The whole listing below is to be copied exactly, with every picture left out.

------------------------------------------------

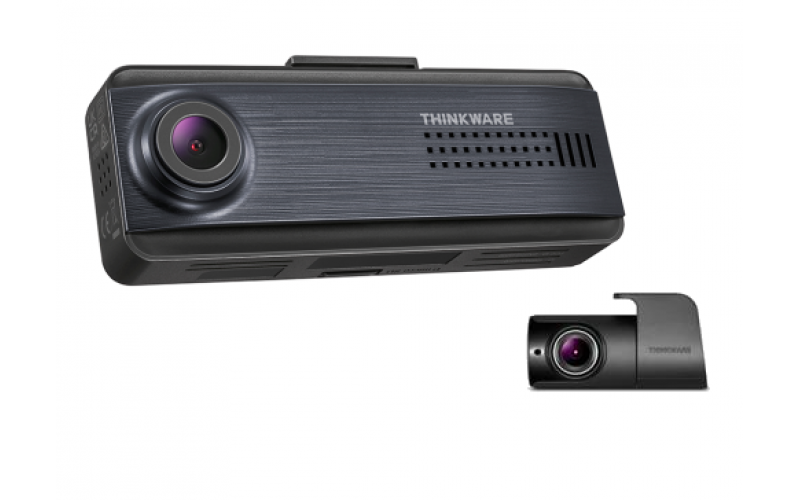 THINKWARE Q200 Dash Cams Sydney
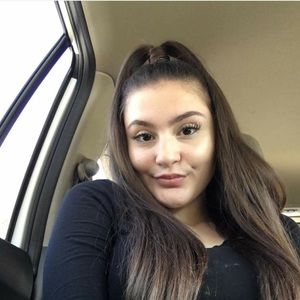 Meet your Posher, Diana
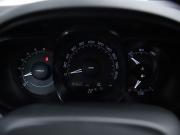 Lada (ВАЗ) Vesta I Уфа  - изображение 32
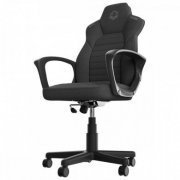 PCSTI-SW PCYes cadeira gamer STI Confort Shadow 120Kg rodas em PU | PCYes cadeira gamer STI Confort Shadow 120Kg rodas em PU PCYes cadeira gamer STI Confort Shadow 120Kg rodas em PU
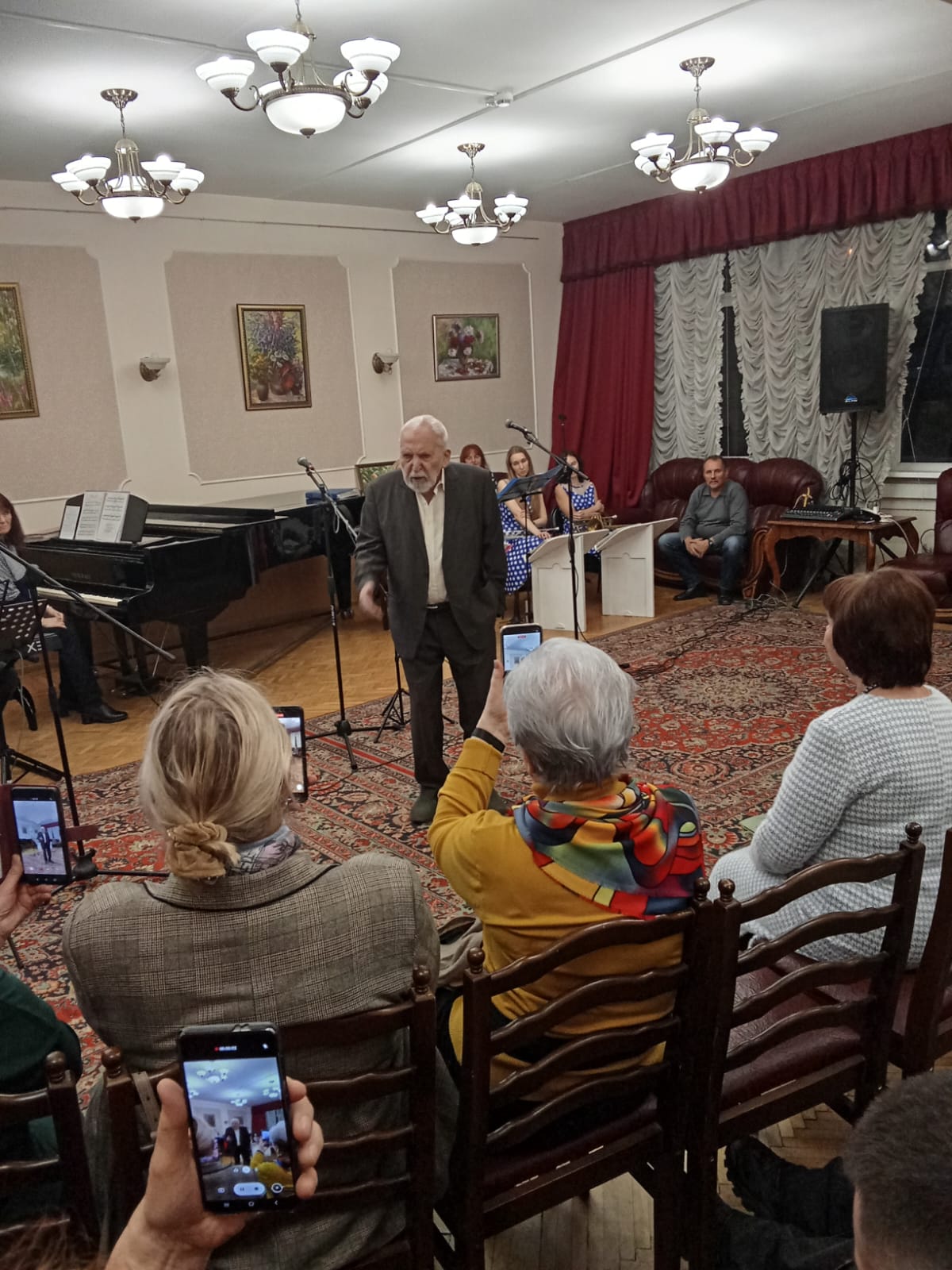 WhatsApp Image 2025 11 24 at 12.23.17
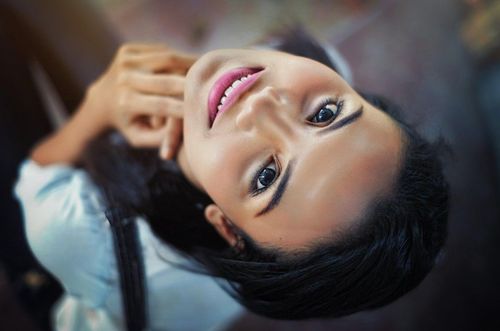 Cosmétique marine : comment intégrer les actifs de la mer à sa routine beauté ? | So Busy Girls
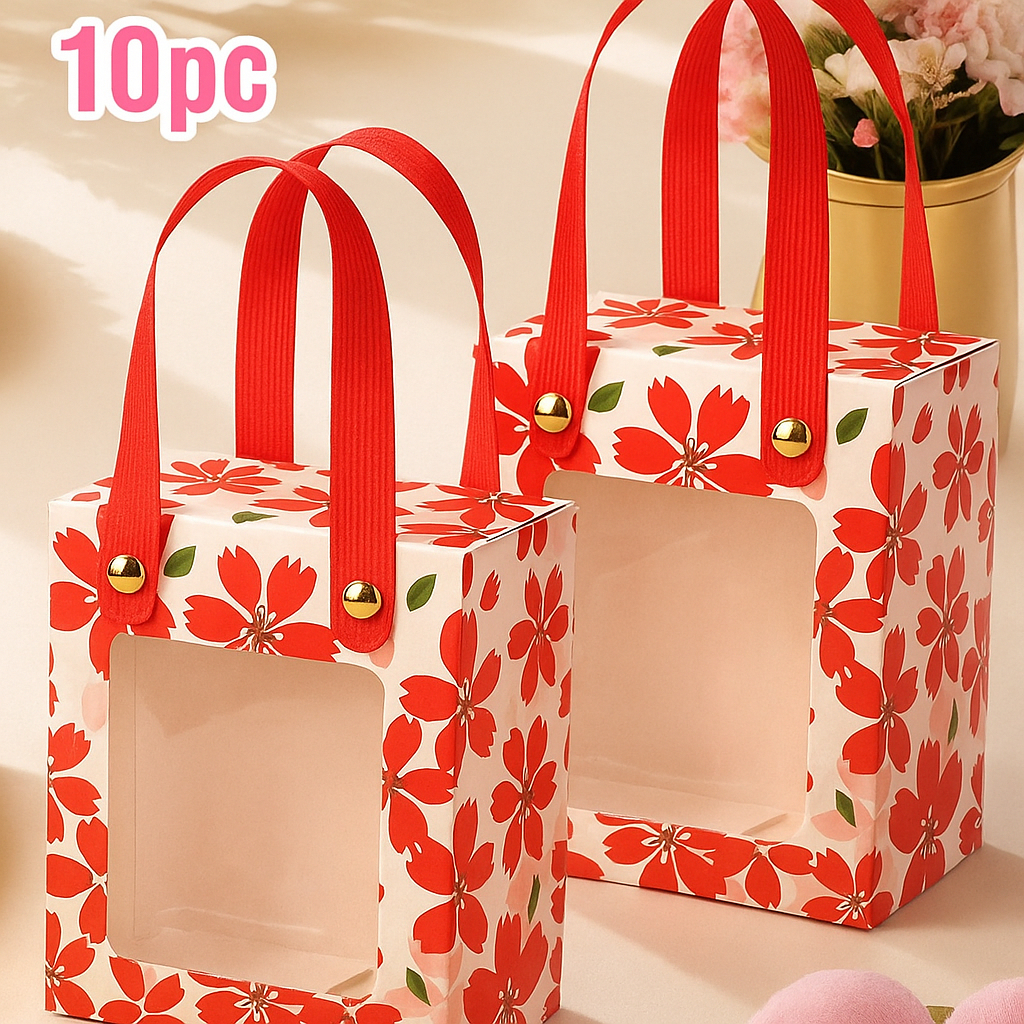 

SOUVENIR HAMPERS PENIKAHAN BOX+ISI CANDY BOX BISCUIT ASTHETIC PREMIUM
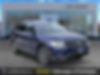 3VV0B7AX9MM035557-2021-volkswagen-tiguan-0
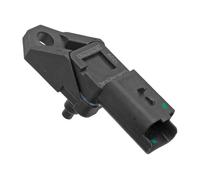 VDO Sensore pressione collettore d'aspirazione 2803550259302 (MAP)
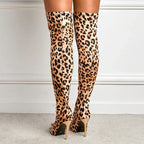 leopard-print-thigh-high-boots-back-pair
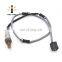 Professional Manufactory OEM 36532-RB0-A01 rear oxygen sensor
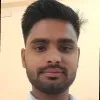 Amarjeet kumar Singh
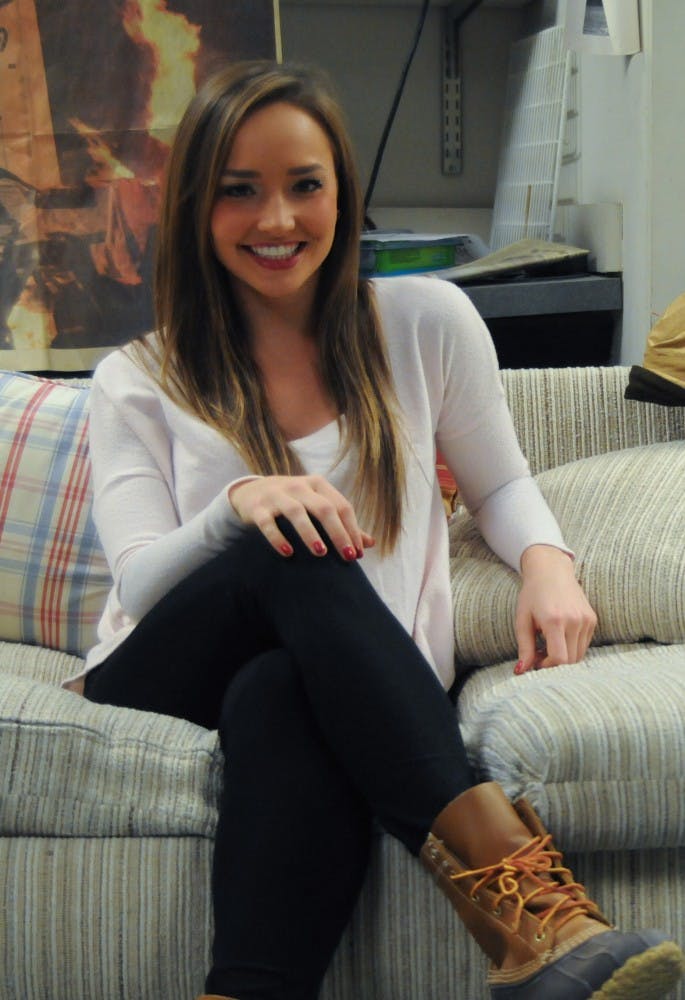 20141208_MacyOnTap_BenKoger_1079 copy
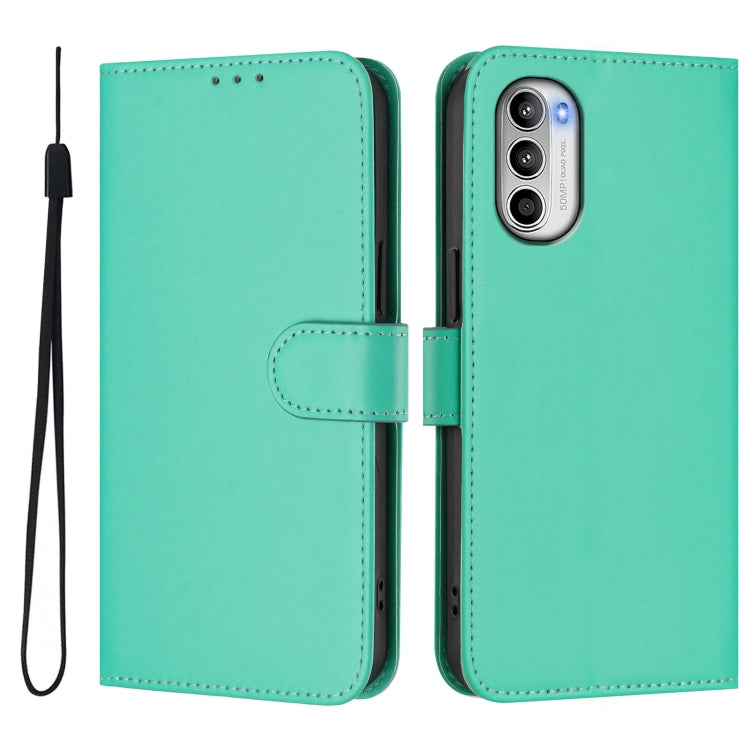 EDA007225121H_1.jpg@c844226ff46392920646ca4f11ebe6f5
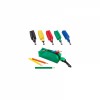 Set de Colores Kidz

------------------------------------------------

#### SOLUTION
 THINKWARE Q200 Dash Cams Sydney
 Meet your Posher, Diana
 Lada (ВАЗ) Vesta I Уфа  - изображение 32
 PCSTI-SW PCYes cadeira gamer STI Confort Shadow 120Kg rodas em PU | PCYes cadeira gamer STI Confort Shadow 120Kg rodas em PU PCYes cadeira gamer STI Confort Shadow 120Kg rodas em PU
 WhatsApp Image 2025 11 24 at 12.23.17
 Cosmétique marine : comment intégrer les actifs de la mer à sa routine beauté ? | So Busy Girls

SOUVENIR HAMPERS PENIKAHAN BOX+ISI CANDY BOX BISCUIT ASTHETIC PREMIUM
 3VV0B7AX9MM035557-2021-volkswagen-tiguan-0
 VDO Sensore pressione collettore d'aspirazione 2803550259302 (MAP)
 leopard-print-thigh-high-boots-back-pair
 Professional Manufactory OEM 36532-RB0-A01 rear oxygen sensor
 Amarjeet kumar Singh
 20141208_MacyOnTap_BenKoger_1079 copy
 EDA007225121H_1.jpg@c844226ff46392920646ca4f11ebe6f5
 Set de Colores Kidz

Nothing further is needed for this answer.